Venezuelan President Nicolas Maduro on Wednesday devalued the currency and raised heavily subsidized fuel prices in an effort to stem a widening economic crisis, though critics of the socialist leader quickly dismissed the moves as insufficient.
The measures are meant to help shore up the Opec nation's finances as plummeting oil prices and a collapsing state-led economic model have left the country with a severe recession, triple-digit inflation and chronic product shortages. "This is a necessary measure, a necessary action to balance things, I take responsibility for it," Maduro said, in reference to the fuel hike during a combative speech in which he insulted opposition leaders and occasionally used foul language.
The reforms risk fueling triple-digit inflation at a time when millions are struggling to make ends meet, and comes two months after the ruling Socialist Party suffered a blistering defeat in parliamentary elections due to anger over the crisis. The package will likely be seen by Wall St. investors, who are increasingly concerned about a potential default, as mildly positive but still vastly insufficient to help Venezuela make some $10 billion in debt payments amid a major cash crunch.

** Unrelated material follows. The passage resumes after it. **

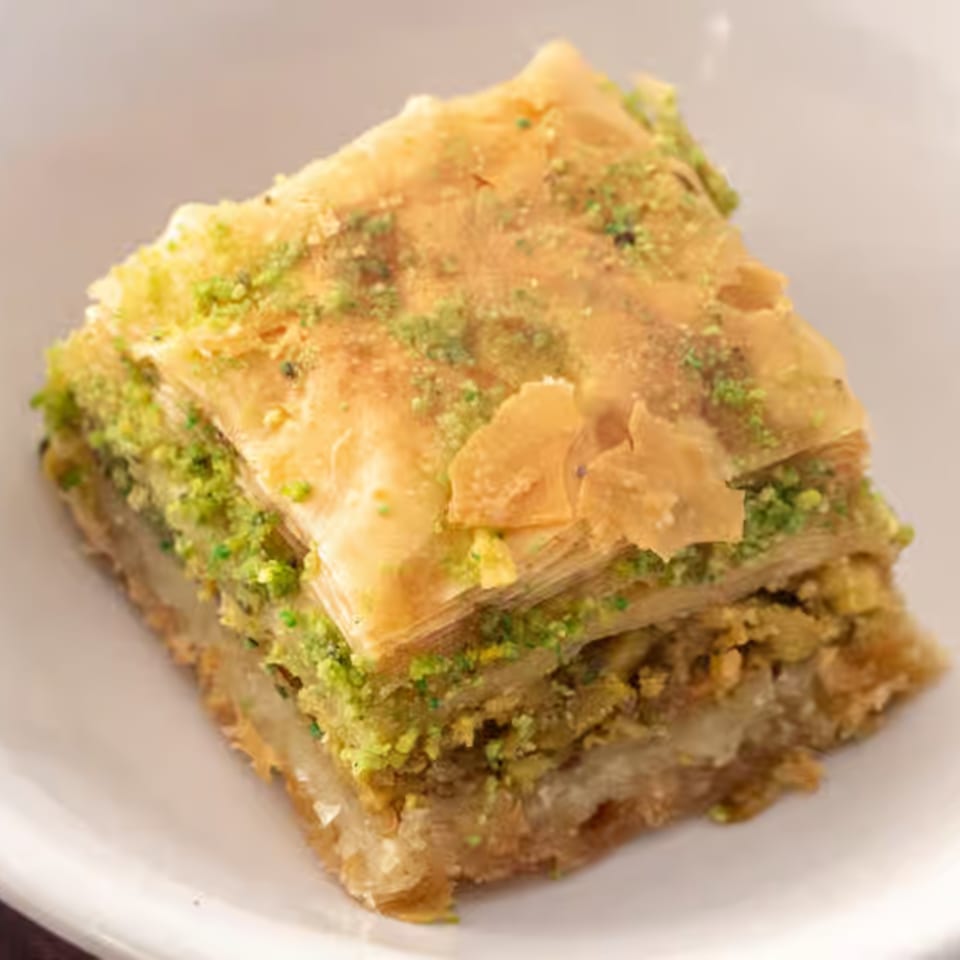 Close-up of a square piece of baklava, layered with golden pastry and green pistachio filling.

"Bottom line is no change to cashflow for this year and hefty year end debt payments," said Siobhan Morden director of Latin America fixed income strategy at investment bank Nomura Securities in an email. Venezuelan bonds have recovered this week thanks to the bounce in oil prices, but they are heavily discounted on concerns the country will be unable to meet payments. The benchmark Global 2027 bond sells for a mere 38 percent of its face value, reflecting investors' default concerns.
Maduro devalued the strongest official exchange rate by 37 percent to 10 bolivars per dollar from 6.3, and streamlined the previous three-tiered system into a dual exchange rate mechanism. Greenbacks on the black market currently fetch 1,046 bolivars, according to website DolarToday. The weaker of the two rates will be a free float based on an existing system that currently sells dollars at around 200 bolivars, Maduro said, while the stronger rate will over time be shifted based on criteria he did not specify.
Critics immediately noted that the government has repeatedly announced "free-floating" systems that withered away precisely because authorities never allowed them to be determined by demand. A truly free float would raise prices of staple goods such as rice and corn flour that are currently subject to price controls. That would cut into the subsidized food programs created during the oil boom years by late socialist leader Hugo Chavez, Maduro's predecessor and mentor.
"It's a positive step but the key will be implementation," said Temir Porras, a former economic advisor to Maduro and his predecessor Hugo Chavez. "A dual forex system generates incentives for speculation and arbitrage." Maduro also runs risks if he does not significantly overhaul the system. Currency and price controls have spurred snarling food lines reminiscent of Soviet bloc countries, spawned a lucrative smuggling trade and left furious shoppers scrapping for prized items such as chicken or laundry soap. Opposition leaders insist the only solution to economic chaos is to dismantle the 13-year-old controls and roll back Chavez's wave of nationalizations that turned hundreds of private enterprises into unproductive state-run firms.